WHAT THIS TASK INVOLVES: Leave out the pictures and repeat exactly the lines from the one containing "Wards mantle lamp table font" through the final line of the listing below.
--
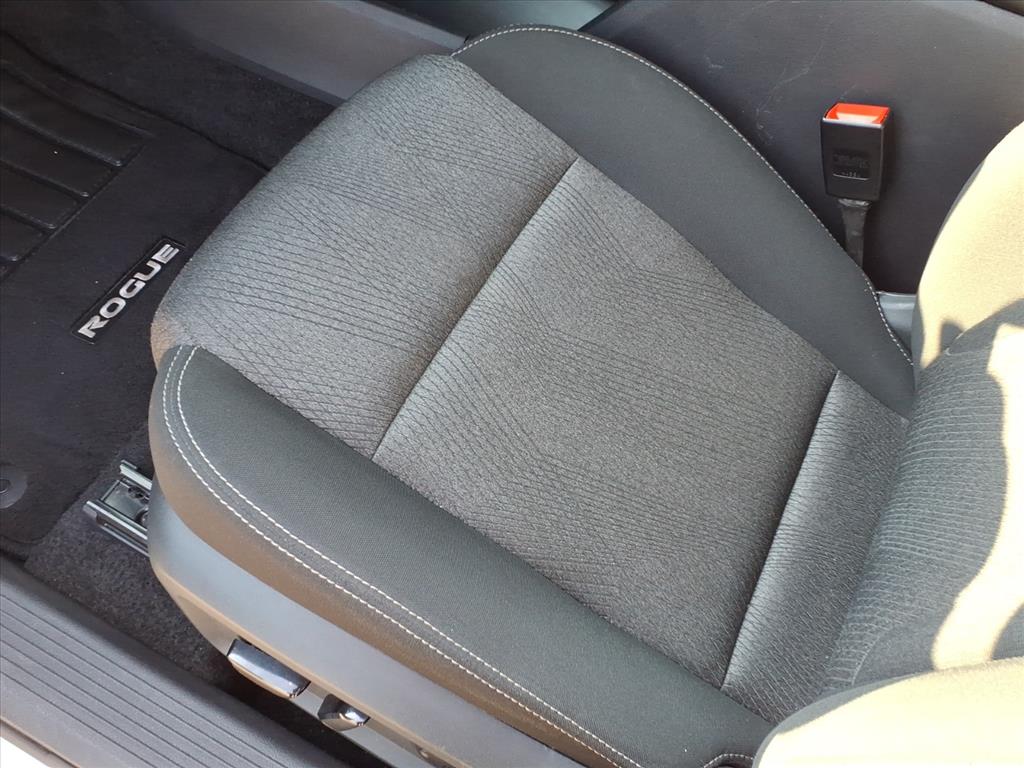 2025 Nissan Rogue SV - Photo 20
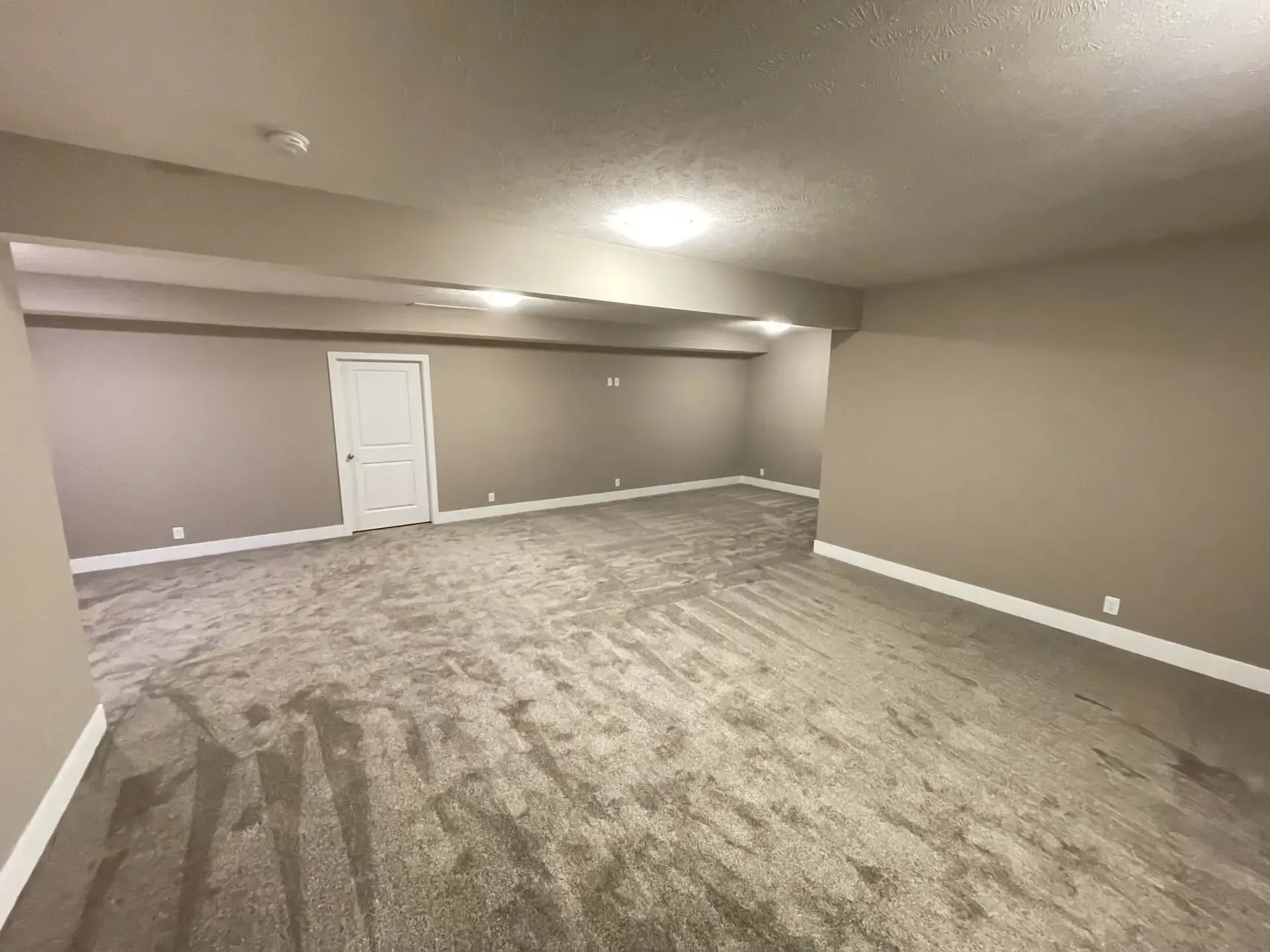 REC ROOM (BASEMENT) 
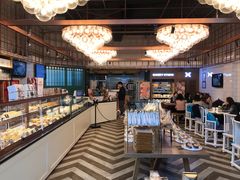 面包甜点陈列柜-牛角村(大族广场店)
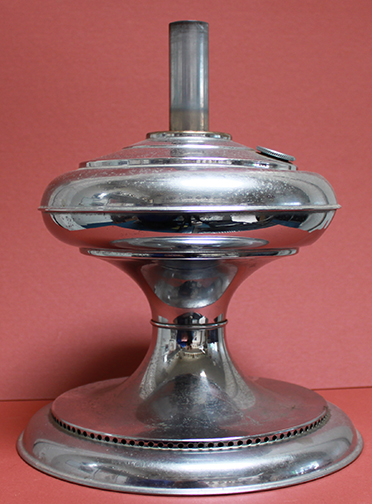 Wards mantle lamp table font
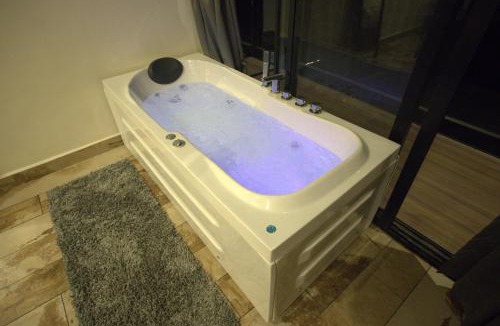 Pali Villa | 2Bed Villa with private pool & jacuzzi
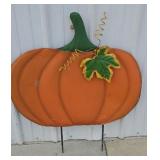 LARGE METAL FALL DECOR PUMPKIN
--
RESPONSE BELOW:
 Wards mantle lamp table font
 Pali Villa | 2Bed Villa with private pool & jacuzzi
 LARGE METAL FALL DECOR PUMPKIN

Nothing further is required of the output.